Dataset records
BEGIN

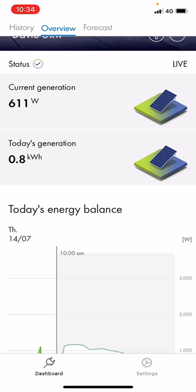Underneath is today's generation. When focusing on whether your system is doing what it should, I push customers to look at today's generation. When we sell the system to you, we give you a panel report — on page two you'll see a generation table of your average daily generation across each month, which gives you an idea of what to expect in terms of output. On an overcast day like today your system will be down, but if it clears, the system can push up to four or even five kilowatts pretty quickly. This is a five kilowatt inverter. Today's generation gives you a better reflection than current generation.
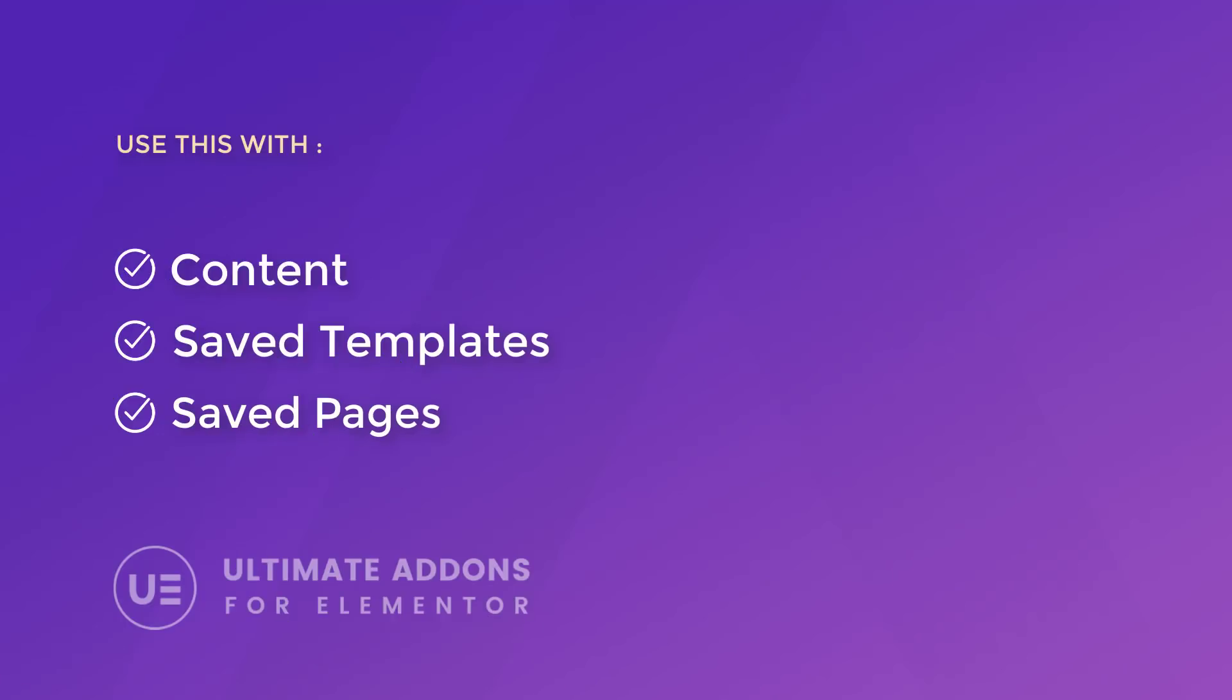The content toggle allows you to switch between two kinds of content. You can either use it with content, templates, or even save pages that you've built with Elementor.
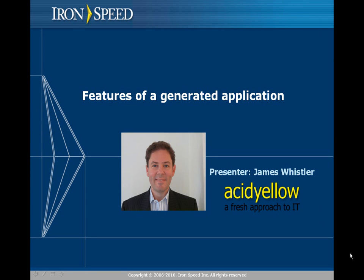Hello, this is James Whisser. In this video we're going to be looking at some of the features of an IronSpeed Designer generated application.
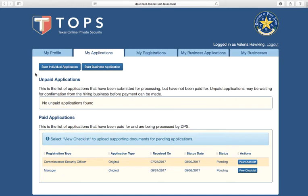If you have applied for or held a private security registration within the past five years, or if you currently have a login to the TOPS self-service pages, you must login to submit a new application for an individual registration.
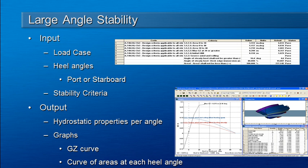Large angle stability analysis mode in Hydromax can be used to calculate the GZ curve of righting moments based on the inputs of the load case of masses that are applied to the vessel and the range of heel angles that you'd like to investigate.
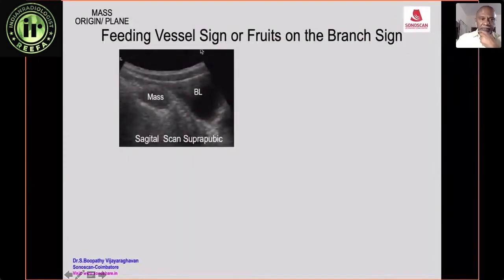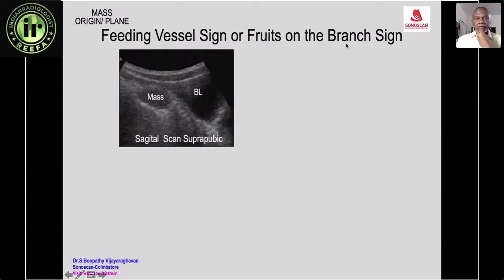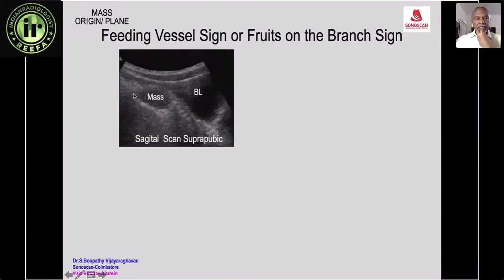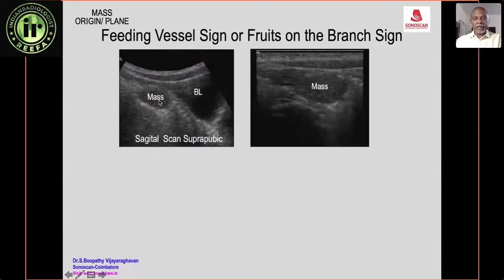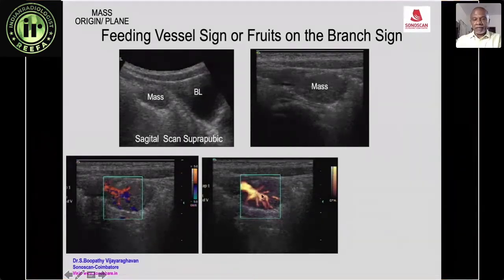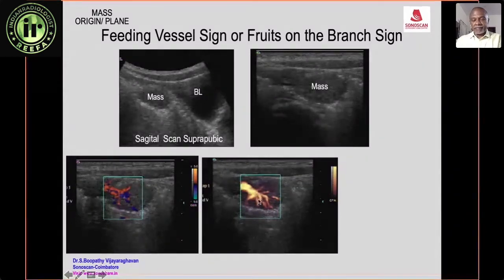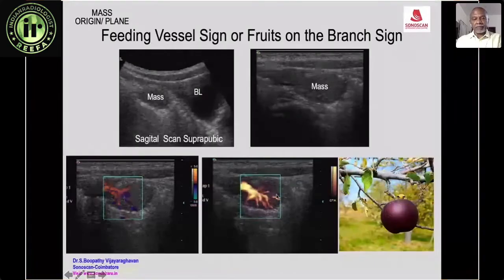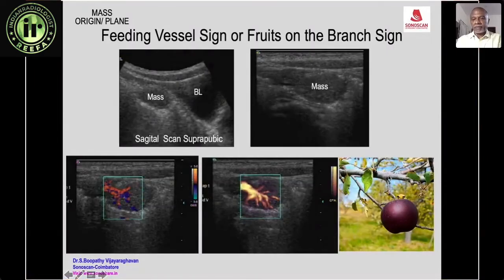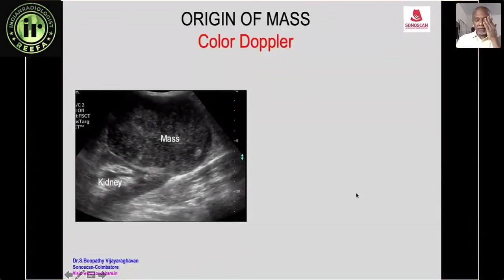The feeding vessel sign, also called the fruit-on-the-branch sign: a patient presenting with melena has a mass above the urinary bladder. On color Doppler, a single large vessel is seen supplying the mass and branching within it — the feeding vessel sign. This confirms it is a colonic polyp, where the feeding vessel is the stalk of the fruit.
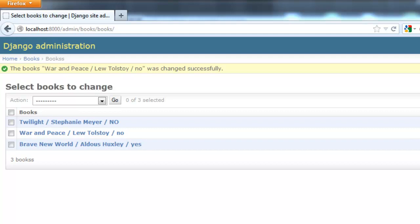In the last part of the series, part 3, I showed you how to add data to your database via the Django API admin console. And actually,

END

Find the line that contains "The feeding vessel sign, also" and repeat it, along with every line after it to the end of the data, exactly; drop the pictures.

Written response:
The feeding vessel sign, also called the fruit-on-the-branch sign: a patient presenting with melena has a mass above the urinary bladder. On color Doppler, a single large vessel is seen supplying the mass and branching within it — the feeding vessel sign. This confirms it is a colonic polyp, where the feeding vessel is the stalk of the fruit.
In the last part of the series, part 3, I showed you how to add data to your database via the Django API admin console. And actually,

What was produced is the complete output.